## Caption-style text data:

*** Block opens ***

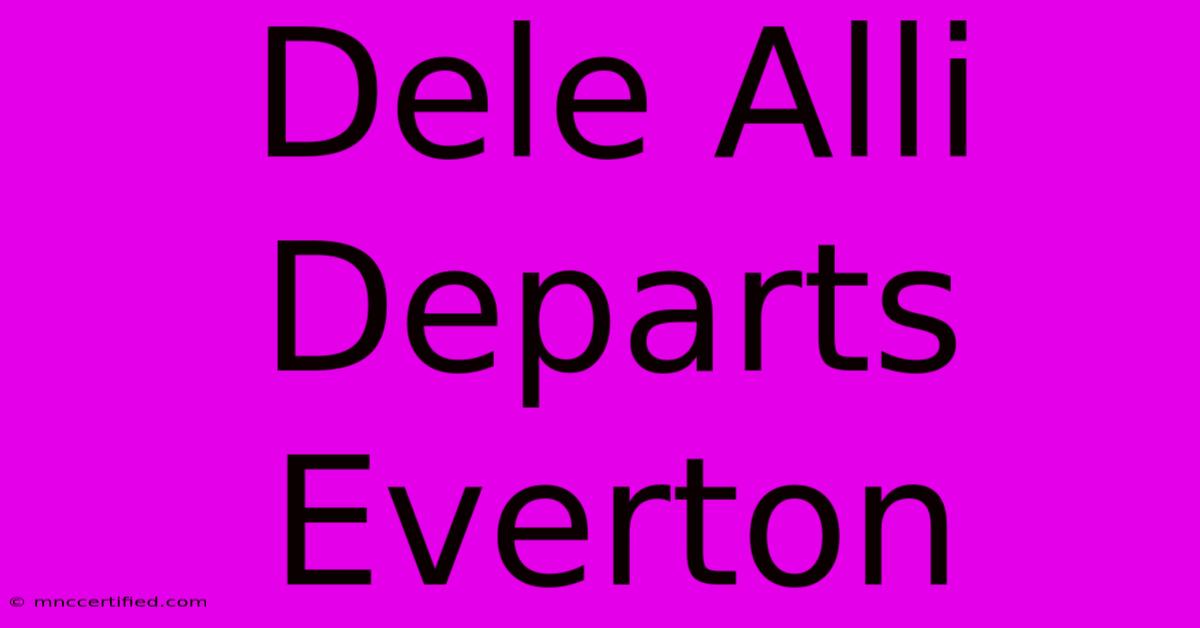 Dele Alli Departs Everton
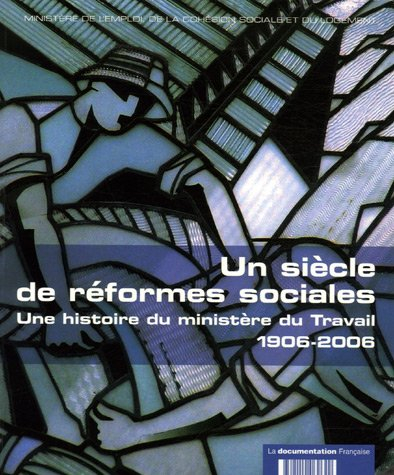 Un siècle de réformes sociales : une histoire du ministère du Travail, 1906-2006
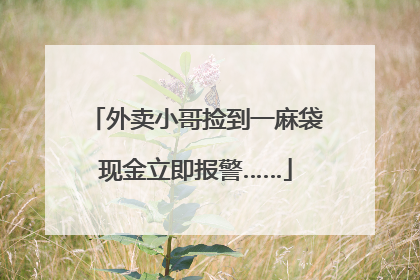 外卖小哥捡到一麻袋现金立即报警……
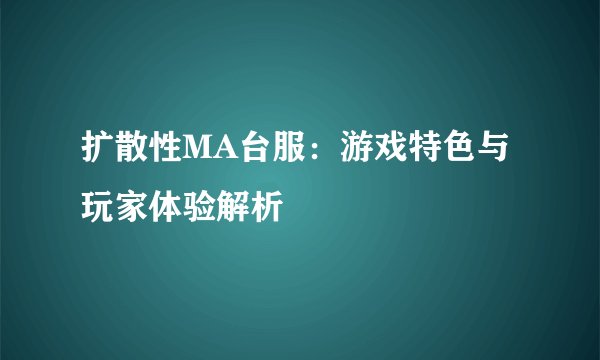 扩散性MA台服：游戏特色与玩家体验解析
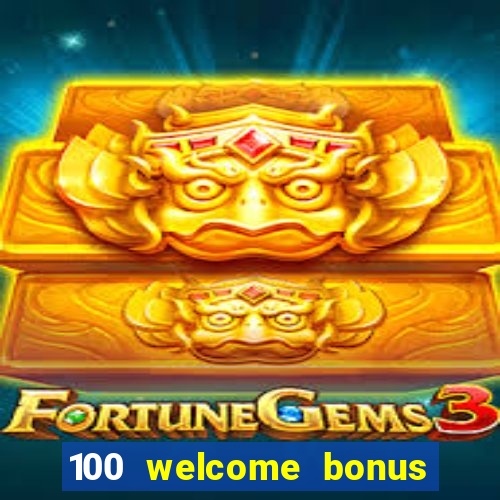 100 welcome bonus casino malaysia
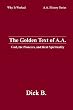 The Golden Text of A.A.: God, the Pioneers, and Real Spirituality (Why It Worked-- A.A. History Series)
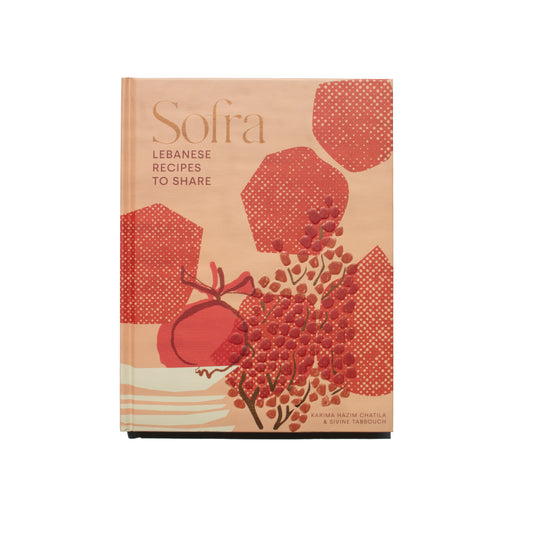 Sofra: Lebanese Recipes to Share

*** Block closes ***

## YOUR TASK:
Only the lines from the one containing "Un siècle de" through the final line of the records should be retyped, exactly, with every picture omitted.

## ANSWER SECTION:
 Un siècle de réformes sociales : une histoire du ministère du Travail, 1906-2006
 外卖小哥捡到一麻袋现金立即报警……
 扩散性MA台服：游戏特色与玩家体验解析
 100 welcome bonus casino malaysia
 The Golden Text of A.A.: God, the Pioneers, and Real Spirituality (Why It Worked-- A.A. History Series)
 Sofra: Lebanese Recipes to Share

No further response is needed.